The SA-6 GAINFUL missiles are used for low altitude air defense. The SA-6A missile has a length of 5.7 meters, body diameter of 0.335 meters, a wing span of 1.245 meters, a tail span of 1.524 meters and has a launch weight of 599 kilograms with a 56 kilogram HE-fragmentation warhead. The proximity and contact fuses are armed after some 50 meters of flight. Missiles can detonate on impact or be set with a proximity fuze and hold an effective range of 15 miles against targets over 45,000 feet in altitude.

The first stage of the missile is a solid rocket motor in the tail of main body. When this motor expends its fuel, it is ejected out of the tail and the cavity created by its absence becomes the combustion chamber for a ramjet sustainer. Ramjets are technically simple and relatively fuel efficient, allowing good performance and range. The rocket booster is needed to get the missile up to a speed that allows sufficient airflow to sustain combustion in the ramjet.

The missile can reach speeds of up to Mach 2.8, which places any modern aircraft at risk. The basic SA-6A has a minimum effective range of 3,000m. The minimum engagement height is 100m when using the 1S91 STRAIGHT FLUSH fire control radar and 80m when in the optical tracking mode, the maximum effective altitude is about 11,000m. The SA-6B GAINFUL surface-to-air guided missile has a ceiling of 66,000 feet and a range of about 37 kilometers.

The STRAIGHT FLUSH fire control radar has a maximum range of 55-75km and a 10,000m altitude capability depending upon the conditions and target size, and performs limited search, low altitude detection and/or acquisition, pulse Doppler IFF interrogation, target tracking & illumination, missile radar command guidance and secondary radar missile tracking functions. Some modified STRAIGHT FLUSH fire control radars use a TV camera with a 30km range to enable the battery to remain in action even if the vehicle's radar is jammed or forced to shut down due to threats from anti-radiation missiles. This radar can also be linked to the launch vehicles by either a radio data link or a 10m long cable for direct data input to the launcher's systems. The data link antenna is carried on the right forward hull corner of the TEL. It also carries the fire control computers for the SA-6 Gainful missile battery.

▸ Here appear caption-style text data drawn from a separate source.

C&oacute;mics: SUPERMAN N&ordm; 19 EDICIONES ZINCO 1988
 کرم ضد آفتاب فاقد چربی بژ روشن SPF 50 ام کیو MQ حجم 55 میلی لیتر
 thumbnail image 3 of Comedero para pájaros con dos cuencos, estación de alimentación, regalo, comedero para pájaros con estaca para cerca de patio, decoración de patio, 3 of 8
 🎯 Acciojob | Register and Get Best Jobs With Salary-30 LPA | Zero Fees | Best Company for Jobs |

Using essentially same chassis as the SA-6 TEL, the 12ft long search reflector with 7 ft diameter fire control parabolic dish is on top. Radars mounted on heavy turntable. Radars can rotate independently of one another. Assembly folds flat in transit. The foldable 28km range dish antenna is of the conical scanning type and is used for low altitude H-band sector search scans, target tracking and target illumination. The lower parabolic antenna is the G-band medium altitude target acquisition and early warning radar with a 55-75km range, with the lower feed for medium to high altitude coverage and the upper feed for low altitude coverage.

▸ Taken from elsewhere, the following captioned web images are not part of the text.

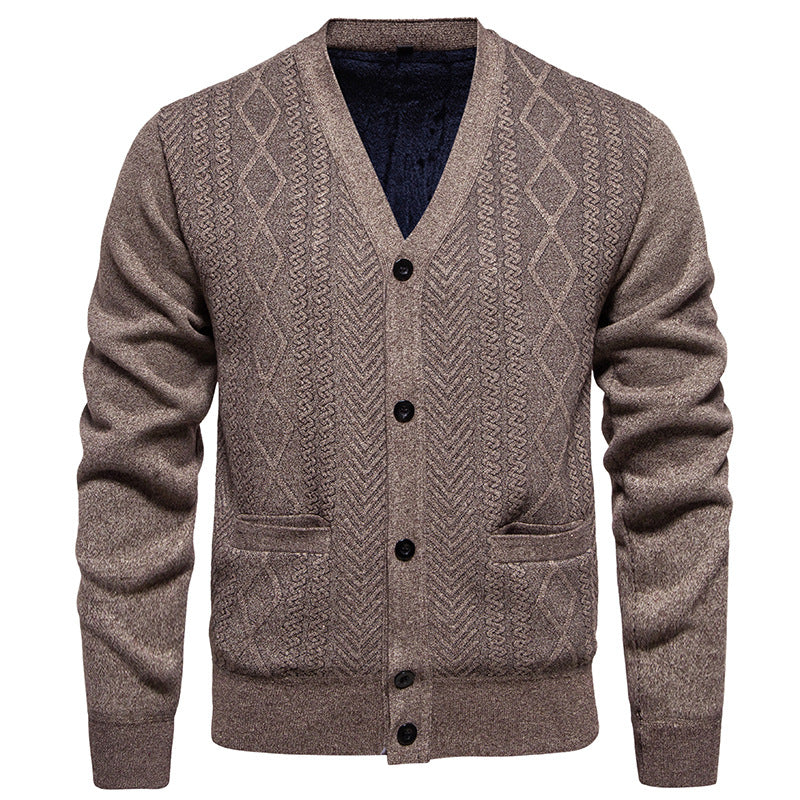 Trendy knit jacket for men with textured pattern Lune London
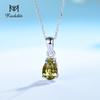 Kuololit Diaspore Gemstone Pendant For Women Solid 925 Sterling Silver Watedrop Necklace For Engagement Party Gifts No Chains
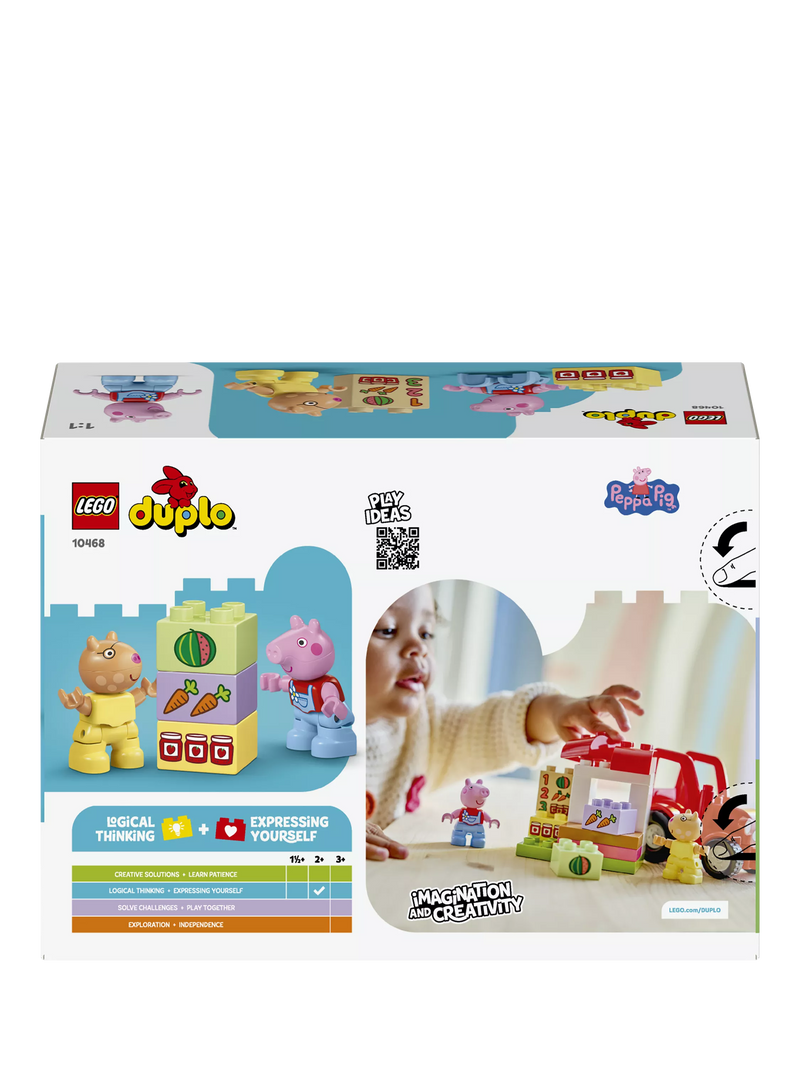 LEGO DUPLO Peppa Pig Tractor and Market set, imported from the UK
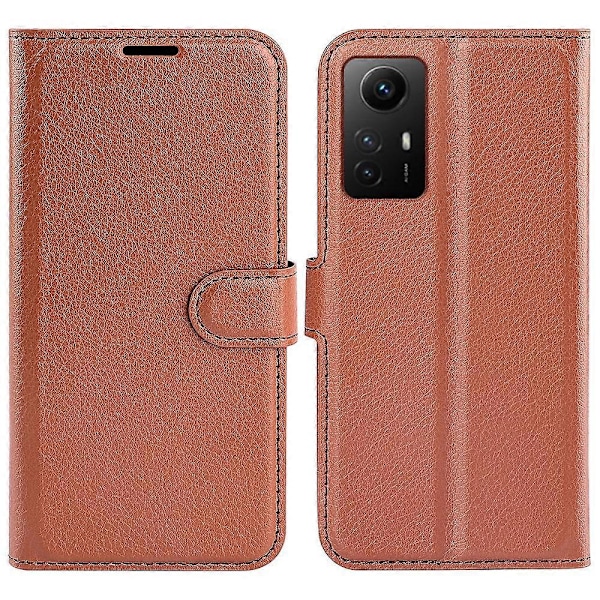 Til Xiaomi Redmi Note 12S 4G Litchi Tekstur Wallet Telefon Cover Stativ PU Læder Etui Multicolor Style I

The STRAIGHT FLUSH fire control radar can begin target acquisition at its maximum range of 75km, and begin tracking & illumination at 28km. The STRAIGHT FLUSH radar can only illuminate a single target and control three missiles at any one time, so normal practice when a target track has been initiated is to normally order the launch of two and sometimes three weapons from one or more TELs.

The LONG TRACK target acquisition radar is also associated with the SA-6 system. After target data has been acquired by the SA-6 regiment's LONG TRACK surveillance radar, target acquistion and fire control are taken over by the STRAIGHT FLUSH missile site radars. Besides being vulnerable to suppresive fires and ECM, the system is slaved to the long-range LONG TRACK radar. Without it the SA-6 is "blind" at high altitudes.

The missile was initially deployed as part of a battery containing one STRAIGHT FLUSH fire control radar vehicle, one loader vehicle, and three launcher vehicles, each with three launch rails [said to be called "three fingers of death" among NATO pilots ]. Like all the vehicles in the battery, the launcher vehicles are tracked, but use components of the ZSU-23-4 chassis. It can be traversed 360 degrees, and estimated time for emplacement prior to firing is 15 to 30 minutes.

The 3M9M1 variant in 1977 was given an all-new tracked chassis, recognized by NATO as the "SA-6B". The SA-6B Gainful, was mounted on an SPU medium-tracked transporter. The SPU carried three SA-6B missiles and also an associated FIRE DOME H/I-band missile guidance illuminator radar is fitted on the front end of the launcher assembly. Reload missiles are carried on modified 6x6 trucks and are loaded manually onto the launcher by a crane carried on the rear of the loader vehicle. Reloading an TEL takes approximately 10 minutes.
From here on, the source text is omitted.